■ Raw data ■

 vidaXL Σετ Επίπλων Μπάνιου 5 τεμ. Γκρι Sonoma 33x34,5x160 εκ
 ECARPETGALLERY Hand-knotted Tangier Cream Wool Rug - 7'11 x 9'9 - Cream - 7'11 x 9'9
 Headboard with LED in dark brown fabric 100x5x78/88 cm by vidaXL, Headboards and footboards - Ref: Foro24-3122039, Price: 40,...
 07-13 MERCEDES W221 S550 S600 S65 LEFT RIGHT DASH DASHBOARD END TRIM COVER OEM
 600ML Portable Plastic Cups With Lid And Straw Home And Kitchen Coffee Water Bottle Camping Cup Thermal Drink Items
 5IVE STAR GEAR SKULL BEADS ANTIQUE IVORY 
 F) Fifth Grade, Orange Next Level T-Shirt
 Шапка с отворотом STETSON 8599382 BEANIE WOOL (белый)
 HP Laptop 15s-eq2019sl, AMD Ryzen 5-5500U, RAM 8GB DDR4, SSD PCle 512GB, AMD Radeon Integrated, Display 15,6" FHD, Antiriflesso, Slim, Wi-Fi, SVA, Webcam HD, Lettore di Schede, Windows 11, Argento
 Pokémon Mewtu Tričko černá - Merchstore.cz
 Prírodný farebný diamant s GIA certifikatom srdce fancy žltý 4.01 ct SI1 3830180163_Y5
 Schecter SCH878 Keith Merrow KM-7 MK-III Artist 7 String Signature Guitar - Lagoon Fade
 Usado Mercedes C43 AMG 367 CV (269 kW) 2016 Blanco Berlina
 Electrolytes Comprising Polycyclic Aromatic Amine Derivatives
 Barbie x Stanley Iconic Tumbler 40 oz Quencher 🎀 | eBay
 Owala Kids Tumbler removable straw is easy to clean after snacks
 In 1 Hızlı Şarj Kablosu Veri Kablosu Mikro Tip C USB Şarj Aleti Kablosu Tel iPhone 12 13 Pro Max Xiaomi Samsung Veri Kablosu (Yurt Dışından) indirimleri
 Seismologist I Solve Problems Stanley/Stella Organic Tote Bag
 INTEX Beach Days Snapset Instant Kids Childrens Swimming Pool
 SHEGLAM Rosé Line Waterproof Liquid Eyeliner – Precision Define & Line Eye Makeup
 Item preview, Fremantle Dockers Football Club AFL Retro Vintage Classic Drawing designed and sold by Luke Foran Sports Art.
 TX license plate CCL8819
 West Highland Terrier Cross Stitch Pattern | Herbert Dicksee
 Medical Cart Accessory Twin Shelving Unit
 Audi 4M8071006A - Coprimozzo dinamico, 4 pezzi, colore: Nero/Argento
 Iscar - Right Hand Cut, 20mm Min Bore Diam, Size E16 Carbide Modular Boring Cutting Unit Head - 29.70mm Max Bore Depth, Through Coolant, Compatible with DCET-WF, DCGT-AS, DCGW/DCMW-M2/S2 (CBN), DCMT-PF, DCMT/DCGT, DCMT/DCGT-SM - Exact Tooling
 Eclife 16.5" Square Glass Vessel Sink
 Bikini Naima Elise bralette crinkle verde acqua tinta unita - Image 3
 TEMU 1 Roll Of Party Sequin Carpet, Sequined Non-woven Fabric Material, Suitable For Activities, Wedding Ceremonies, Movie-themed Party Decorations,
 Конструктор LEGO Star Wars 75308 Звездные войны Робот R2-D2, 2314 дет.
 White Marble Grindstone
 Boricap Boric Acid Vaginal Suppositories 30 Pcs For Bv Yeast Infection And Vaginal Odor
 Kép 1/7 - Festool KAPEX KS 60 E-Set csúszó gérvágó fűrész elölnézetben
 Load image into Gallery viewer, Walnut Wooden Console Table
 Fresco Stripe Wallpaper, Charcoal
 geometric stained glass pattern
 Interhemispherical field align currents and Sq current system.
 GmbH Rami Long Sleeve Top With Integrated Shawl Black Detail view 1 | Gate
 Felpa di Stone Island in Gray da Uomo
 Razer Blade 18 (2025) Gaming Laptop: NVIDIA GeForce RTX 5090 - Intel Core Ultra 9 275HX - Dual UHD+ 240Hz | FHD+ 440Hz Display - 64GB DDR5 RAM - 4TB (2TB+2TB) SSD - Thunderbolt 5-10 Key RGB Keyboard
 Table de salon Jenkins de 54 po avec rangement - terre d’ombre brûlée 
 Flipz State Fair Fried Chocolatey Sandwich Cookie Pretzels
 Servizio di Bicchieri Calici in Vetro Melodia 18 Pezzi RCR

■ Task ■
In the entries above, identify every line with the string "Hand".

■ Your solution ■
 ECARPETGALLERY Hand-knotted Tangier Cream Wool Rug - 7'11 x 9'9 - Cream - 7'11 x 9'9
 Iscar - Right Hand Cut, 20mm Min Bore Diam, Size E16 Carbide Modular Boring Cutting Unit Head - 29.70mm Max Bore Depth, Through Coolant, Compatible with DCET-WF, DCGT-AS, DCGW/DCMW-M2/S2 (CBN), DCMT-PF, DCMT/DCGT, DCMT/DCGT-SM - Exact Tooling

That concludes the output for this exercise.